Just do 30% water changes every other day and test your phosphate levels until they are much lower.


----------



## GazK (Feb 2, 2006)

The trouble is that the Phosphate is in the tap water
(something about stopping old pipes corroding from the water company)
So I'd have to use RO or get something to remove phosphate from the tank competely unless there is a way to do this just on the water I add ??

Any ideas


----------



## RachPreach (Jan 16, 2006)

I was referring to spot treating the areas with excel or hydrogen peroxide every day. It will help kill the algae. Also get a school of ottos. They will definitely help.


----------



## Daniel Morris (Aug 25, 2006)

Gazk - I'm having my own diatom issues (see Rach's "Crap on my plants" thread), but excess PO4 is not the issue. In fact adding a little extra PO4 has helped me get rid of brown algae (technical name escapes me right now).

Limiting PO4 as a method of controlling algae is an assumption thats been around forever but its a false assumption. This is one of my favorite threads that discusses this. But I don't believe everything I read as none of us should - I've tried lowering my phosphate levels and I've tried raising my phosphate levels with all other conditions being virtually the same. I've got to say that lower phosphate levels always bring me grief.

That being said... I've had other problems in my tank which some folks with more experience think may be from Magnesium deficiency... In addition to that, my plants just aren't growing as fast as they would at optimal rates.

My guess is that the plants are hungry for something I'm not giving them - or if I am giving it to them, there is something blocking their intake... So because the plants aren't growing fast, this black crap is able to smother a few of my plants... 

I got the ottos and I'd like to think they are helping... Also - Rach, when you spot treat everyday, do you actually stick the Qtip in the tank when its full or do you drain to half, and then do it?


----------



## RachPreach (Jan 16, 2006)

all i do to spot treat is i get a syringe and squirt the excel on it....


----------



## GazK (Feb 2, 2006)

Is the spot treatment working ?

The problem I have is this is a temporary solution.
There has to be some reason why this stuff is there and no-one seems to know what causes it. 

I don't want to go through the daily spot treating and then as soon as I
have stopped the stuff comes back


----------



## RachPreach (Jan 16, 2006)

well i havent spot treated in like two weeks and it seems to be slowly clearing up.

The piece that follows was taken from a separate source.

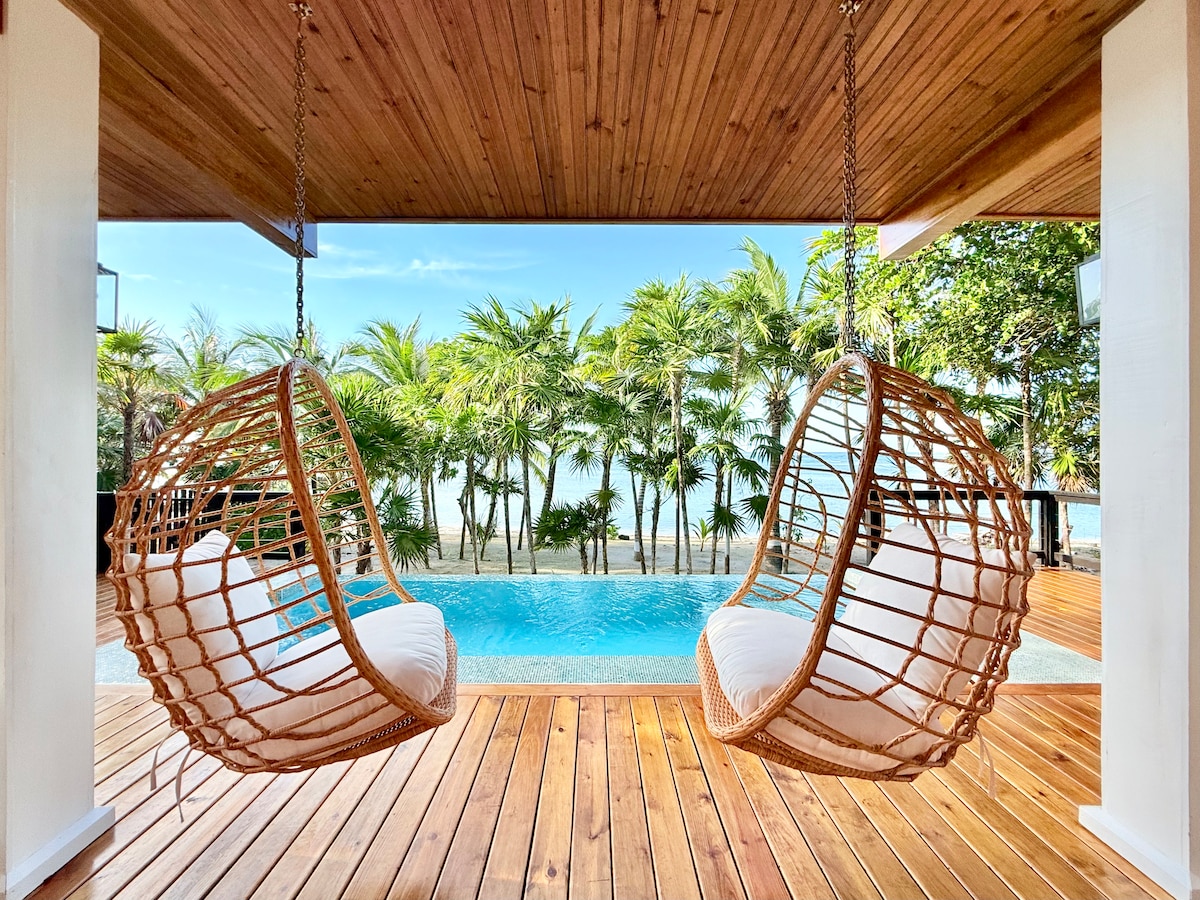 Two cozy hanging swing chairs are positioned on a wooden deck, facing a private infinity pool. Lush palm trees are visible in the background, with the ocean beyond, creating a serene and inviting outdoor space.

I did raise my phosphate dosing just a little bit so i dont know if that is the contribitor. But it is strange that noone seems to know what causes this.


----------



## Daniel Morris (Aug 25, 2006)

How much K2PO4 are you dosing? (i assume 3x a week?)


----------



## Homer_Simpson (May 10, 2007)

Sorry to Hijack this thread, but I found this interesting article
http://www.skepticalaquarist.com/docs/algae/diatoms.shtml
that may shed some light on what causes diatoms and what to do about them. It seems that diatoms feed off silicates in the water and if the supply of silicates runs out, then they dwindle. The 5 gallon experimental tank that I set up has just completed cycling and not surprisingly, I am noticing the breakout of diatoms. I plant to add otos as the first inhabitants in a weeks time to see if they make a dent in the problem.

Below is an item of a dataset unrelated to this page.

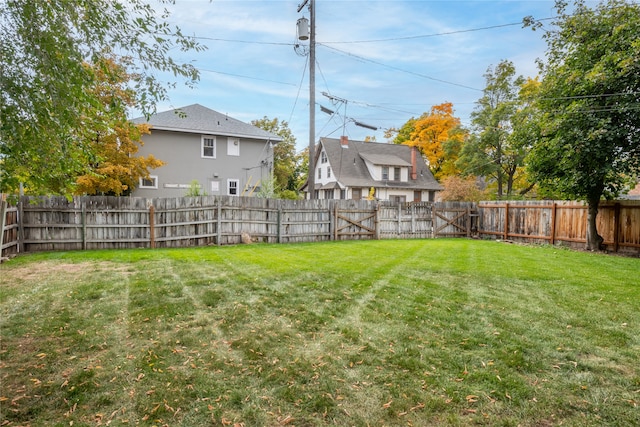 view of yard with a fenced backyard and a gate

I previously had a 20 gallon tank that had diatoms growing heavily. Brown sheets of it literally covered every part of the aquarium. At that time I only had a single severum cichlid and firemouth in it. I gave these away and repopulated the tank. I started with a Black Molly and a crew of 4 otos and did not feed them. The Black Molly began pecking away at the algae and devouring it. The otos also began feeding off the diatoms but at a much slower rate. It took 7 weeks(I did not feed the molly or otos) before there was a noticeable difference in the aquarium clearing up. 

Regards


----------



## RachPreach (Jan 16, 2006)

Daniel Morris said:


> How much K2PO4 are you dosing? (i assume 3x a week?)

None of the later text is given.